The Ciartic Move mobile 3D imaging system introduces a new era of mobile imaging and advances a wide array of intricate and complex minimally-invasive procedures and interventions in spine, orthopedics, and trauma by bringing together the most advanced technologies from 3D computed tomography (CT) with 3D navigation and needle guidance, metal artefact reduction and hardware detection, high-resolution fluoroscopy and magnification, digital subtraction angiography (DSA), low-dose radiation settings, and self-driving robotic guidance with automated positioning all at the touch of a button. As both a doctor and an engineer, Dr. McMurtrey is leading the way to combine the best of these fields to provide the most advanced and most minimally-invasive care possible.
We have already implemented the system in numerous procedures (see example videos below), and we are gaining new insights into the nuances of each injury and unique perspectives in minimally-invasive approaches to the critical features and pain triggering points of each injury, including spinal pars defects, sacroiliac dysfunction, spino-sacral anomalies, cranio-cervical instabilities, ligament destabilization, cartilage injuries and arthritic joint pathologies, degenerative disc defects and facet arthropathy affecting nerve roots and branches.
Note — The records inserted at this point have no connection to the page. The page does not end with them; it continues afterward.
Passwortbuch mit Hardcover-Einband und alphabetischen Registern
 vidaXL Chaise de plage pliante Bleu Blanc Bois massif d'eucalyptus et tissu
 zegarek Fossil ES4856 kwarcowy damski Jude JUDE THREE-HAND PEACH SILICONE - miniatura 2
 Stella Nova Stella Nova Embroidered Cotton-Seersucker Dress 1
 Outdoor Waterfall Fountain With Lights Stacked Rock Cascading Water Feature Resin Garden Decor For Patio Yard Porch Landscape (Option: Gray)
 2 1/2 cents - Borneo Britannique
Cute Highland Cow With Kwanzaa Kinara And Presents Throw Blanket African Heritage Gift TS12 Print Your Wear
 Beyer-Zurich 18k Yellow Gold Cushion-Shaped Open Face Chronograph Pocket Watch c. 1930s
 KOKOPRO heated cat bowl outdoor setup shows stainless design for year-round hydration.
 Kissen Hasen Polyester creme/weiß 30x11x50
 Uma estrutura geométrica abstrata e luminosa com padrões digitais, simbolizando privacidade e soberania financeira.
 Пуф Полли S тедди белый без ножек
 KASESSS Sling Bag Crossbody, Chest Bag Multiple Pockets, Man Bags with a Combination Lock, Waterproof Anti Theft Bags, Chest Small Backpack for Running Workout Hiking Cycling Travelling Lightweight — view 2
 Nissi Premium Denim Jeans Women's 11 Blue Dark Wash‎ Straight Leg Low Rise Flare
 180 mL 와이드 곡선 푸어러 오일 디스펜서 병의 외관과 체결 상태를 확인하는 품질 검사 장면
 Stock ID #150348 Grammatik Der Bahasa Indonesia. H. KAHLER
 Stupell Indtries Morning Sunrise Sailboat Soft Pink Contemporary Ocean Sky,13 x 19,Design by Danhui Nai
In just the first week of implementing the system, it has enabled clear visualization of several complex problems that MRI imaging had been unable to fully clarify, including stress fractures in the spine and non-union fractures of the scaphoid bone in the wrist and of the sesamoid, metatarsal, and navicular bones in the foot, as well as complex bone spurs, synovial cysts, and subchondral bone cysts with arthritis that can be patched with orthobiologic scaffolding including patient’s own platelet-rich fibrin (PRF), bone marrow stem cells, and other regenerative agents. Furthermore, this technology is extremely valuable for confirming needle placement in small joints such as the atlanto-axial joints, atlanto-occipital joints, and facet joints of the spine.
This advanced 3D imaging further enables us to repair the underlying injuries as directly as possible with minimally-invasive image-guided procedures that let us see and target many types of orthopedic and neurologic problems from every angle. We are one of the only clinics that take a 3D tissue engineering approach to injuries, combining mesenchymal stem cells with biomaterial scaffolding architecture. When implemented with various types of spatially compartmentalized signaling factors, this will enable the greatest effects in tissue reconstruction, and this approach creates a potent combination of regenerative agents packed into a biocompatible patch that can integrate into the injured tissue defects and help stimulate repair to reconstruct proper tissue architecture. The final piece of the puzzle is then how to place these regenerative patches at injury sites in the least invasive way possible, and the Ciartic Move imaging system enables 3D image-guidance in minimally-invasive procedures to target injuries, lesions, cysts, defects, tears, fissures, and fractures with the highest resolution visualization. The Ciartic Move device is thus a powerful tool to help find and target sources of pain and directly treat a variety of injuries with minimally-invasive techniques that promote long-term recovery and more regenerative options to help repair tissue injuries and defects directly, thus leading us into the future of regenerative interventions.